On arrival at the house I was jubilant but hardly dared to breathe until I got him safely inside. With my hands under his front legs he dangled precariously as I ran but we made it.
“Mel! I found him!”
Melanie stared at the confused and understandably traumatized ginger cat.
“Uh…that’s not Monkey.”
Solemnly I drove the poor animal back to where he’d been minding his own business until he’d been unceremoniously catnapped.
And finally, just a fireplace – no cats this time.
Life at George’s Gothic mansion in Hampstead barely went a week without an invasion from a journalist, a photographer or a film crew and my standard response was to make tea for everyone and discreetly retire to another part of the vaunted house for the duration of whatever was going on. As well as a documentary on his life in general that blocked out around three days a week there were also crews filming for international music shows and the like.
Often they chose the living room as their preferred backdrop, being the most impressive room in the house. The carved oak ceiling is original to the Grade II listed building, designed in 1872, as is the enormous oversized stone fireplace that reaches up to meet it but the hand painted walls depicting delicate antique musical instruments are George’s own addition.
The director of the shoot had the idea to position an ornately carved chair in front of the imposing fireplace and interview George sitting on it.
However, not being a fireplace that generally sees a lot of use, instead of a grate or a guard the cavernous interior housed a giant flat screen TV. The pair of mossy green couches, the only other furniture in the room, faced the TV in the fireplace and it was from the couches we would watch Eggheads or Question Time, George yelling comments from one, me from the other.

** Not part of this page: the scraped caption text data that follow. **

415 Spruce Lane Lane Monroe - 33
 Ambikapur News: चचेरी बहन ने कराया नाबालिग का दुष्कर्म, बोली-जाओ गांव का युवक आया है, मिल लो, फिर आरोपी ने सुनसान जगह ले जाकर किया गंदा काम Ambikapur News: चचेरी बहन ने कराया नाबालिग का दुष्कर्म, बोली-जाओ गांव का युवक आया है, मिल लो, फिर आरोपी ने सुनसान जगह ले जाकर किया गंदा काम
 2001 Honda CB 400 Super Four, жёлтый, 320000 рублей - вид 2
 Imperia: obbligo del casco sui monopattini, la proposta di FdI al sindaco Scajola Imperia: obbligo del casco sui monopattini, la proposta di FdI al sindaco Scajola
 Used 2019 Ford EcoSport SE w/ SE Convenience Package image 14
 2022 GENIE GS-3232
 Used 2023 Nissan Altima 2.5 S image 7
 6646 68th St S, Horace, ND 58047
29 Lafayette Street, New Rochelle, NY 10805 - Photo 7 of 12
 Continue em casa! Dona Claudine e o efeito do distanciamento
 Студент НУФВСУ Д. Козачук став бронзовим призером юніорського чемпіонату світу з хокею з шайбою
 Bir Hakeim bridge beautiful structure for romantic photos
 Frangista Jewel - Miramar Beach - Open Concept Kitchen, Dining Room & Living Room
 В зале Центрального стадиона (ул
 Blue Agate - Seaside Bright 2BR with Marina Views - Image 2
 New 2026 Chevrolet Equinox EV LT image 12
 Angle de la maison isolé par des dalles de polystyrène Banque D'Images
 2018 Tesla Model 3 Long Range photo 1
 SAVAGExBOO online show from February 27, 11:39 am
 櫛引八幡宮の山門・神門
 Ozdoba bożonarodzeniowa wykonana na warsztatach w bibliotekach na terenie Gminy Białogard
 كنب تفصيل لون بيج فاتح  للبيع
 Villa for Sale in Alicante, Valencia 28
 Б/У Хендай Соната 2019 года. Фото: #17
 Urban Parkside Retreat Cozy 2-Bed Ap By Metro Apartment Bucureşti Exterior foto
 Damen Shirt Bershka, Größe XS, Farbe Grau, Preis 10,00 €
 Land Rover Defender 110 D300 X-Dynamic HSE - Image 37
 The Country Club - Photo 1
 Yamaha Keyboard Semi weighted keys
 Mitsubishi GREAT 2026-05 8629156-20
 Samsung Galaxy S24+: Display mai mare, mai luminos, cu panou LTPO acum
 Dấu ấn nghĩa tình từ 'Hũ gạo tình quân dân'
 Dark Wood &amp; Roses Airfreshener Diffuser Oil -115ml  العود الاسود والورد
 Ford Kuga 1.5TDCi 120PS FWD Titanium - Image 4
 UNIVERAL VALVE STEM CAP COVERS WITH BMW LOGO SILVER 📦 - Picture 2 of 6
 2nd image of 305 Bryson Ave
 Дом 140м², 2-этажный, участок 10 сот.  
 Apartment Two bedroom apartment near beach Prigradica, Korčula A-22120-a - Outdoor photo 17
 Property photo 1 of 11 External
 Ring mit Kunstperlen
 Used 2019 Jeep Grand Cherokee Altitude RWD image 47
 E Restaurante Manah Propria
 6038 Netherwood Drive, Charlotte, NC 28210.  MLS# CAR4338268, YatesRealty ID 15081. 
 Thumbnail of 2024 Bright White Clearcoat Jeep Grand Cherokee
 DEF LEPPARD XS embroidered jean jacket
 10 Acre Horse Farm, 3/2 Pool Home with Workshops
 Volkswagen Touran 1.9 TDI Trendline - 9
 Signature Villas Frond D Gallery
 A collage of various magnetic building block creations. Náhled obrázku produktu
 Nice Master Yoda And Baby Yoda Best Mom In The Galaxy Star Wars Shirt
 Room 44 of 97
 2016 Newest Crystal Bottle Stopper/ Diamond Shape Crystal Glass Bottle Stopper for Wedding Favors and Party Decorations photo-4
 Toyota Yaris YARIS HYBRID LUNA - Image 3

Only a minor annoyance, we managed to unplug the cables and shift the TV to one side, replacing it with the chair, and the interview proceeded with no further ado. Fortunately there were plenty of hands to help with putting the heavy flat screen back when they were done.
Some months later I am alone in the house while George is fulfilling tour duties in South America. I see the documentary is due to be aired and I think to myself, oh, I’ll watch that.
On it comes. However, I am now in George’s living room, watching George who isn’t in the living room, but is on the television (which is back in the fireplace) sat on a chair in the fireplace.
He is in the fireplace in the fireplace.
There’s only one response to that kind of slow-motion horror story sort of parallel universe and you’ll be proud that I executed it. I ran from the room screaming. Thank GOD he wasn’t there. I sincerely feel my head would have exploded.